[ACTIVITY]: Below are some entries. Copy each line in them that holds "Owned".

[SUPPLIED ENTRIES]:
==*==
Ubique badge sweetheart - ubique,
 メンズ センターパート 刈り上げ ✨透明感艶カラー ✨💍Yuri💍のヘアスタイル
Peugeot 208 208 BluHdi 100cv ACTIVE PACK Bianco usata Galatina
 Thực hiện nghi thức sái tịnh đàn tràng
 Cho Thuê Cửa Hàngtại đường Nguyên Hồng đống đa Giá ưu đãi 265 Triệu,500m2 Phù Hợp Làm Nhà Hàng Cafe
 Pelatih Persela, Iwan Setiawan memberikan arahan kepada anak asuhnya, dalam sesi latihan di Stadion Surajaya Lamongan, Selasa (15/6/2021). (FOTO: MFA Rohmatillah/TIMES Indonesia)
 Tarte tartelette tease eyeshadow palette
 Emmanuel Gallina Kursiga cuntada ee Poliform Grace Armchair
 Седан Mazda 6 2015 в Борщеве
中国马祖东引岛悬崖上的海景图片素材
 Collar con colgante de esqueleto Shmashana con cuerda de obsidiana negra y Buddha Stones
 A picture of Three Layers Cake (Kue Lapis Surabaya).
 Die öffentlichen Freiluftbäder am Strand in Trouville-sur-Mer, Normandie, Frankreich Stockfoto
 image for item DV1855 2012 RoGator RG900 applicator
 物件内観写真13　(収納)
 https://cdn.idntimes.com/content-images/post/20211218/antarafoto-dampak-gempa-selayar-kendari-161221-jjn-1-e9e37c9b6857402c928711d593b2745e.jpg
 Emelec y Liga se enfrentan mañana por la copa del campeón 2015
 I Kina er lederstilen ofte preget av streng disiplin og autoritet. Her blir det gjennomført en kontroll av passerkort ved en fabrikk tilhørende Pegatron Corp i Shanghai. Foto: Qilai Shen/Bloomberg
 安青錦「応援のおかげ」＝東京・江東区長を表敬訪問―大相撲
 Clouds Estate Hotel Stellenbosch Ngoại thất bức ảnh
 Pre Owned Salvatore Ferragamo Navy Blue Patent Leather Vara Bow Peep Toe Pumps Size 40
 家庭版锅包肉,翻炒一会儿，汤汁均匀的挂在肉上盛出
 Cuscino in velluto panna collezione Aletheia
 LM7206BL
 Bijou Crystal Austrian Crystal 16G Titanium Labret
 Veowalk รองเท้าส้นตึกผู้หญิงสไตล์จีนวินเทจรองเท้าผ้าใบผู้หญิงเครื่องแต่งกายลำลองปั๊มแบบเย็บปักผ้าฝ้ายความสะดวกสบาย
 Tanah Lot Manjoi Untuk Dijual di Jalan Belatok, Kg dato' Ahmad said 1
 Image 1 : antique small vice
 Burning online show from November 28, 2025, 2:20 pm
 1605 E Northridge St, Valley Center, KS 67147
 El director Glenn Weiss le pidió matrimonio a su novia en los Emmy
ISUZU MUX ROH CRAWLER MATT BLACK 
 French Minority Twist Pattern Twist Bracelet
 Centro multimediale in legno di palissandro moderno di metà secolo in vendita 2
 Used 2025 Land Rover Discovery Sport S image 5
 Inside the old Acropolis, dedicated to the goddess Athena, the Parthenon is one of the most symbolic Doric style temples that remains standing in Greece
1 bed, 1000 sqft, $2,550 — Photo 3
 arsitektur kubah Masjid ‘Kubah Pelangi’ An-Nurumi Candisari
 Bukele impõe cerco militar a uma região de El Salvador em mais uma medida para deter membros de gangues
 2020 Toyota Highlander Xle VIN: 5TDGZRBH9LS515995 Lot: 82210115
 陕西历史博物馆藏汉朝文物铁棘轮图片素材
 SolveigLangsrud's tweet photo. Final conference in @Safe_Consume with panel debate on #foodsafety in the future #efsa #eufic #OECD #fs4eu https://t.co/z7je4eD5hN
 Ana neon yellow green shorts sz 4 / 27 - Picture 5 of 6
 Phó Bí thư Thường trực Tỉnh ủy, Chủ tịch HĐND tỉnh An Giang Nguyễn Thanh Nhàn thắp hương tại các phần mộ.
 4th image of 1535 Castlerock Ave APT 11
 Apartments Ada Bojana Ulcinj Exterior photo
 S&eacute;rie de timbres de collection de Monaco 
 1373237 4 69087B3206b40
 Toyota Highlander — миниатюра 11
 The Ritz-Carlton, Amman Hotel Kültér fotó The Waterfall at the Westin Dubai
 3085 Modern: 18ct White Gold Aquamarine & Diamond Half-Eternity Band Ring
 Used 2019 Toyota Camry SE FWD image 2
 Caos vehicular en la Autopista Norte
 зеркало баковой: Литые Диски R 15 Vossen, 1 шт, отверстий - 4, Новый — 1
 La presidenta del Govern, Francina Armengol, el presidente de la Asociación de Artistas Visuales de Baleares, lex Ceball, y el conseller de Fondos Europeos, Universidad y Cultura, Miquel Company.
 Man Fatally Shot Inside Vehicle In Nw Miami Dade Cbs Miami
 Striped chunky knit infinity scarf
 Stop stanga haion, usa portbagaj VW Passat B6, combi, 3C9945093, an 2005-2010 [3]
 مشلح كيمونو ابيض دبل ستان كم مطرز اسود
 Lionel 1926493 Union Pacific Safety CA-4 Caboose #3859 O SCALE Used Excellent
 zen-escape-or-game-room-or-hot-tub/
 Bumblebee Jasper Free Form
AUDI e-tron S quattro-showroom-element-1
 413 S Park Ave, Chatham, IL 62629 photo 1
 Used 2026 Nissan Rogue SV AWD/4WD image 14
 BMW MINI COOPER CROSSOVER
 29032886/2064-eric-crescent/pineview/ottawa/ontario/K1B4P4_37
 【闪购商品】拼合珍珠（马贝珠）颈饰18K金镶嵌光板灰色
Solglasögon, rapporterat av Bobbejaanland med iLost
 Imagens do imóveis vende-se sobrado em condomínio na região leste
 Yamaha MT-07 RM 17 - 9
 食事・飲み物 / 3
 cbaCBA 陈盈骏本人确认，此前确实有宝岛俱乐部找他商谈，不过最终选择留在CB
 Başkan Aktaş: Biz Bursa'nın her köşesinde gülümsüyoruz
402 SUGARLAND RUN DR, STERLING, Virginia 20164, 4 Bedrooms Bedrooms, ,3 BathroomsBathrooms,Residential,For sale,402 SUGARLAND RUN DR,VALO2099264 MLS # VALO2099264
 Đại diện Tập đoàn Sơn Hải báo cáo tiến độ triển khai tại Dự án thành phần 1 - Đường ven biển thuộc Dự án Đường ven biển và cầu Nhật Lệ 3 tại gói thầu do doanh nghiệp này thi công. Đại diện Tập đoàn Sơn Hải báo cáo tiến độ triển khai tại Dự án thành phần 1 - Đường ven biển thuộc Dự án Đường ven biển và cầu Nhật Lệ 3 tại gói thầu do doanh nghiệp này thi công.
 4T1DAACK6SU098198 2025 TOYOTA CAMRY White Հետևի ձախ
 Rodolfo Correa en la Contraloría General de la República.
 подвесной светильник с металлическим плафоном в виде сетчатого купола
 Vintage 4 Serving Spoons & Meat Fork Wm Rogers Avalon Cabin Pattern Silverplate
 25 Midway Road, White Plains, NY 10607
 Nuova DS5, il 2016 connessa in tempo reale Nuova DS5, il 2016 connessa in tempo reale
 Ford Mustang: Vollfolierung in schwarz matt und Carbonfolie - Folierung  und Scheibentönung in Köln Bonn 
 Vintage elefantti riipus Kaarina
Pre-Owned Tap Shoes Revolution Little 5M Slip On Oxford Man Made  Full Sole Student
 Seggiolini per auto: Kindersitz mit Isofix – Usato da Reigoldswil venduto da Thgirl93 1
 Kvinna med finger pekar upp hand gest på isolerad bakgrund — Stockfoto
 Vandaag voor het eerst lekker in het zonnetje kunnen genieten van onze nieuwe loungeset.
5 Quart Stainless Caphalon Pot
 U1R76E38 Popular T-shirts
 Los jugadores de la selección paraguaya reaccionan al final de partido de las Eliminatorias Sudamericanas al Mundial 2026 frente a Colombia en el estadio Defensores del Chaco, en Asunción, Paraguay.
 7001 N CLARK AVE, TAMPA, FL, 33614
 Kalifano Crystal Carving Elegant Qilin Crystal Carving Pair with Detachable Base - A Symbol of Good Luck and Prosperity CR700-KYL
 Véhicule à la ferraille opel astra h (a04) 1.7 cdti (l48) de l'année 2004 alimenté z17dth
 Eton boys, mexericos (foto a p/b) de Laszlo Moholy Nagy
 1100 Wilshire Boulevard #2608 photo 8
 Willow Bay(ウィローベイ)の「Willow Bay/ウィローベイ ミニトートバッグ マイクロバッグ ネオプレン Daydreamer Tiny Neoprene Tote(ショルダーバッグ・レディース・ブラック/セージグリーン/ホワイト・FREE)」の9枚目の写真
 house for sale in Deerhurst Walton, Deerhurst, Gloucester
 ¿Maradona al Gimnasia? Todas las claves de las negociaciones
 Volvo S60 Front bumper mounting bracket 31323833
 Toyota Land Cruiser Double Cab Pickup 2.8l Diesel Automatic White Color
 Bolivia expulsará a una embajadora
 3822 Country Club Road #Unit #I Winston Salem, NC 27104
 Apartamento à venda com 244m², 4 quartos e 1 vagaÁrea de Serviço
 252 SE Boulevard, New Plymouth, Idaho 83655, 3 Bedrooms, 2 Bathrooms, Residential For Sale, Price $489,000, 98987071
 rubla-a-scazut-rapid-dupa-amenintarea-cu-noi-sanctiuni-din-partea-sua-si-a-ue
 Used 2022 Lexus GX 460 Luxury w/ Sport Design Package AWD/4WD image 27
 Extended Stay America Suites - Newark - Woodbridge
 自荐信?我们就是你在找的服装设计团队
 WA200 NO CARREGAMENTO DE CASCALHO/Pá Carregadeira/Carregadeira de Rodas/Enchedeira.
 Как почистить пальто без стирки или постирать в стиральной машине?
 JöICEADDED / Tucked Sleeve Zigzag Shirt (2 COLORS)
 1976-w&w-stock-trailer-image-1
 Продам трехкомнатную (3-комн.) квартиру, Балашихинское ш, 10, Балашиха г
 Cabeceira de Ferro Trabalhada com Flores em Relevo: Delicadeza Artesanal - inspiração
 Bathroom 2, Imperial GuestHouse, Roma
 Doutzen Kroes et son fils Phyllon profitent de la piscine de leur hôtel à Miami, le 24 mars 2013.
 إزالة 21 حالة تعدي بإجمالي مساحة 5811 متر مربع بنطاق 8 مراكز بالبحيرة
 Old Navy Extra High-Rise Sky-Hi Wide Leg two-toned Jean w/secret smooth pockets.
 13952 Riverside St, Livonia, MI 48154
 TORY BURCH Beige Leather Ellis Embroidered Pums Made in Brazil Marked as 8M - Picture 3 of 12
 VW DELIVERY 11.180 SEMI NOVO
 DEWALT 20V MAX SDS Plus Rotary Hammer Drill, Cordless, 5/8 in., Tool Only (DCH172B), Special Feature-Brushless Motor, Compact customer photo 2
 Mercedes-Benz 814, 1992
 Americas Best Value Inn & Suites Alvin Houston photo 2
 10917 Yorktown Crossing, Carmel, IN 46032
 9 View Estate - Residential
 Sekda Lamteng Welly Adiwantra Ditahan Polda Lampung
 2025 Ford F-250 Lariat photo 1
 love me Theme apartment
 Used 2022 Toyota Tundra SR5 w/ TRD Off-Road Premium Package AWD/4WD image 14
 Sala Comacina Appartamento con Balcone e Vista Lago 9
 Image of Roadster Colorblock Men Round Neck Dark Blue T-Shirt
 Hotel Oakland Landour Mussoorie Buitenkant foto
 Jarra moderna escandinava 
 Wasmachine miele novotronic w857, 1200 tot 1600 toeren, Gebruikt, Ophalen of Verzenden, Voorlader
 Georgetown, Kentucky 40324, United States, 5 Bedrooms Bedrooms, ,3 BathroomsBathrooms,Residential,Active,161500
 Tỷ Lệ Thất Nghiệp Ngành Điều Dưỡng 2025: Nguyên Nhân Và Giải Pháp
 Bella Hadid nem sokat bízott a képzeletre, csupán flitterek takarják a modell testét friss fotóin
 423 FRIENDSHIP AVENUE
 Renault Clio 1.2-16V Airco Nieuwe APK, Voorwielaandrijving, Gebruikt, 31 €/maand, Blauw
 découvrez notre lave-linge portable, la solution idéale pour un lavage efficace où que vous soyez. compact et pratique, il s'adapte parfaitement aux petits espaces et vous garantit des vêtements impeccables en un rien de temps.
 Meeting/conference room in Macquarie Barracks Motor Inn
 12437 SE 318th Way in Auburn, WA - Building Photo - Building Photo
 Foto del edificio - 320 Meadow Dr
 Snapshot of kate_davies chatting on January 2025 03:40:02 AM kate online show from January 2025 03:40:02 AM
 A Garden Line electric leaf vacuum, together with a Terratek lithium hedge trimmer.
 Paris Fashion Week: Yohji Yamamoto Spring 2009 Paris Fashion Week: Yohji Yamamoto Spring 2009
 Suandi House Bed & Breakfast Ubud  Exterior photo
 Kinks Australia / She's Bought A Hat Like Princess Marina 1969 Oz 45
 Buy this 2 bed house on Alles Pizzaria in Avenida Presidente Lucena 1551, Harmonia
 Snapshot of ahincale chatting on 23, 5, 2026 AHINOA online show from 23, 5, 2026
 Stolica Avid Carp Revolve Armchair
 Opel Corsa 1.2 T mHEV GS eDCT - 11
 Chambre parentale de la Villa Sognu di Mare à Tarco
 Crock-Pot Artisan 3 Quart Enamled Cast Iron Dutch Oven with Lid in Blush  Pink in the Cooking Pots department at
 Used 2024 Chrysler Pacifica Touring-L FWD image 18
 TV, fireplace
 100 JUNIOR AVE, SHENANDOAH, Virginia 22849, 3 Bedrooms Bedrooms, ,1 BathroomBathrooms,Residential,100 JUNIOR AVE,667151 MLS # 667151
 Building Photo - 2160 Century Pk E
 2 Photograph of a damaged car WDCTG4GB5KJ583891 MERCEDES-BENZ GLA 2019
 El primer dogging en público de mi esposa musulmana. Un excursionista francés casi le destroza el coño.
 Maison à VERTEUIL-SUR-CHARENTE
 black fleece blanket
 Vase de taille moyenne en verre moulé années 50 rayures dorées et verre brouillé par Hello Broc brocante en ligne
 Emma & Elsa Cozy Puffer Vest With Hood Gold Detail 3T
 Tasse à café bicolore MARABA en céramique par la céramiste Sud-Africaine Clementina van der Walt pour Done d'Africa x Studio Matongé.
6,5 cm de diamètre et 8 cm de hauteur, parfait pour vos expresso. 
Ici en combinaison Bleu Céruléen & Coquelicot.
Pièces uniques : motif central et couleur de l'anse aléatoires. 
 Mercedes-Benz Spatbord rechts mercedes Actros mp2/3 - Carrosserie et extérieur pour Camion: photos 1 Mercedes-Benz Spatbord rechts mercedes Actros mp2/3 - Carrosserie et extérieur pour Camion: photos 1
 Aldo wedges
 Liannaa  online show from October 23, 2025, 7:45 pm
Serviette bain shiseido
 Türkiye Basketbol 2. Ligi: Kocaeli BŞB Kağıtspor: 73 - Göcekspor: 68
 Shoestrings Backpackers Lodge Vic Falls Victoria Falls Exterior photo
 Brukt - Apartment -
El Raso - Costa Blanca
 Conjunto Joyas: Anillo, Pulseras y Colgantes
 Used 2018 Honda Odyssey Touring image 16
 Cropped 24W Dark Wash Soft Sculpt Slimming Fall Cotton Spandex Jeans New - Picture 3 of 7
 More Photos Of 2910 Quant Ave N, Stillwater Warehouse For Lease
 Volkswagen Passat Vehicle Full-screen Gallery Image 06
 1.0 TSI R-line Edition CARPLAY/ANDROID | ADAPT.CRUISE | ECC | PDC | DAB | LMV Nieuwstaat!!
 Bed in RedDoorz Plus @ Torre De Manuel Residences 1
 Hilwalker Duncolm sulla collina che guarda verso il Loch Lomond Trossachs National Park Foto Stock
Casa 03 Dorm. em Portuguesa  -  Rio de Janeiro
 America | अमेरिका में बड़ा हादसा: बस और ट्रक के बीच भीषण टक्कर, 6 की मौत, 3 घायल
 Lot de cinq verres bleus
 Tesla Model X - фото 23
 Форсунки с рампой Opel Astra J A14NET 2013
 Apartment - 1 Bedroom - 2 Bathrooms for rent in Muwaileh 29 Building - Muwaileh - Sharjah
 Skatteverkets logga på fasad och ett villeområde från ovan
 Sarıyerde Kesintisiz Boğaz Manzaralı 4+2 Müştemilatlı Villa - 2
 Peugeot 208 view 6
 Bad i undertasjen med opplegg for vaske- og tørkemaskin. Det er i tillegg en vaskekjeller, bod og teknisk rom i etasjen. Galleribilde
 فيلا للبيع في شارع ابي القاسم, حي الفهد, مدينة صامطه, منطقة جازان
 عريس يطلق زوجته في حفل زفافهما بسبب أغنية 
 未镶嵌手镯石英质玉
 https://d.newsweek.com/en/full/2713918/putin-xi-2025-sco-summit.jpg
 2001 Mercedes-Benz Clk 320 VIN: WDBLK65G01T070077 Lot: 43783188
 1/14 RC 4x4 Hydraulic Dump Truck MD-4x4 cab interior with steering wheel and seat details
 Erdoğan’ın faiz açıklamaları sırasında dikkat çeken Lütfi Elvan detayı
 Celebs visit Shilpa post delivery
==*==
[REPLY]:
 Pre Owned Salvatore Ferragamo Navy Blue Patent Leather Vara Bow Peep Toe Pumps Size 40
Pre-Owned Tap Shoes Revolution Little 5M Slip On Oxford Man Made  Full Sole Student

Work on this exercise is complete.